Retirements often create uncertainty. They can be times for celebrating accomplishments and marking an individual’s opportunity to move forward to something that they crave to do (whether political activism, fishing, spending time with grandkids, or …). These events are usually tinged by sadness, as they are also life transition moments with someone passing into, as the French put it, their ‘troiseme age’ (Third Age) and can be seen as marking a terminal point in a spiral toward the grave. Sometimes, however, that morbid element can actually contribute to the celebration.

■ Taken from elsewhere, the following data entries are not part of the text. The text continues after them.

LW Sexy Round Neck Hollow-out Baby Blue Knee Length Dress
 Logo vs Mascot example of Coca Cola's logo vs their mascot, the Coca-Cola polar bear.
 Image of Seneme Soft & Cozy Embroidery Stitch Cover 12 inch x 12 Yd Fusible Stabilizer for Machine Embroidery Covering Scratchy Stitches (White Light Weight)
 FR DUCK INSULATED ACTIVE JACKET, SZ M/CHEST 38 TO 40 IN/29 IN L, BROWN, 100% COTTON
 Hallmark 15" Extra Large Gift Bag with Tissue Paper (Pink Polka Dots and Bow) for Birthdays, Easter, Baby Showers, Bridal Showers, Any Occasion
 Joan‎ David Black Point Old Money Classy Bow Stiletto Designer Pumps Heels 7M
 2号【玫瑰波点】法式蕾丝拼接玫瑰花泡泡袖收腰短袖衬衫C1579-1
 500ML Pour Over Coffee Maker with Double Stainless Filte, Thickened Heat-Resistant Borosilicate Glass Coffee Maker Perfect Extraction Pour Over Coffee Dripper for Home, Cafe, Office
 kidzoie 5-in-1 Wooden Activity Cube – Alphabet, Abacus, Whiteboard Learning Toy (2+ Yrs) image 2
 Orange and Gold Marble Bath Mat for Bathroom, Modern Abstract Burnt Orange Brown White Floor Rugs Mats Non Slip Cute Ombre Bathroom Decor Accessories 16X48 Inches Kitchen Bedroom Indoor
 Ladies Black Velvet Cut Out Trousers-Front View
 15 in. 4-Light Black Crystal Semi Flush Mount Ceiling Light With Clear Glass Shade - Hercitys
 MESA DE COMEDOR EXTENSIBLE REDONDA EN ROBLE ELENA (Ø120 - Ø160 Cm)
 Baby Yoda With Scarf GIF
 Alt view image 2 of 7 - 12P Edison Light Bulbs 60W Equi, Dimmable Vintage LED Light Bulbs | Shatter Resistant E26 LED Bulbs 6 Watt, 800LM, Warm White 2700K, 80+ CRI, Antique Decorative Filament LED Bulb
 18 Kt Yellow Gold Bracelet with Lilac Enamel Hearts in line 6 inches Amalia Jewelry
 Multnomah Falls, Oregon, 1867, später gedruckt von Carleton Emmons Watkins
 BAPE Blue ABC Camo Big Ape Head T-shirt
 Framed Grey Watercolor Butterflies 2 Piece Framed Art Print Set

And, today came news of such a reason to celebrate. While a valued tool in powering Washington, DC, area, the Potomac River Coal Plant’s onerous pollution load long ago begin to outweigh the benefits of its power production. Grandfathered under the Clean Air Act (CAA), the Potomac River Coal Plant owners saw it as more financially valuable to poison the plant’s neighbors and the atmosphere than to upgrade the plant to greater efficiency and lowered pollution loads. Sadly, the CAA’s grandfathering provisions enable owners to continue to eke out profits with inefficient (and generally increasingly dirty) coal plants that fall far below the minimal standards that a new power plant would meet. With this in mind, news that the Potomac River Coal Plant will retire come 1 October 2012 is tarnished only the reality that it would be better if it retired come 1 October 2011 and it would have been better if it had been retired prior to 1 October 2001 …
Sierra Club’s executive director, Michael Brune, commented
Retiring this major source of pollution in our nation’s capital signals a huge symbolic step towards moving the nation beyond coal. But the win today didn’t happen overnight.
It is a culmination of many years of hard work by local activists and concerned residents. Pollution from this coal-fired power plant has been making local residents sick since 1949 – contributing to heightened asthma rates, respiratory illnesses and other health problems. Retiring the Potomac River coal plant will mean cleaner air, cleaner water and healthier children and families.
For substantive and symbolic reasons, the Potomac River Coal Plant has long been a target of the Sierra Club’s Beyond Coal campaign. Along with to many others who have helped make this happen, a tip of the hat to Beyond Coal for helping creating a retirement meriting celebration.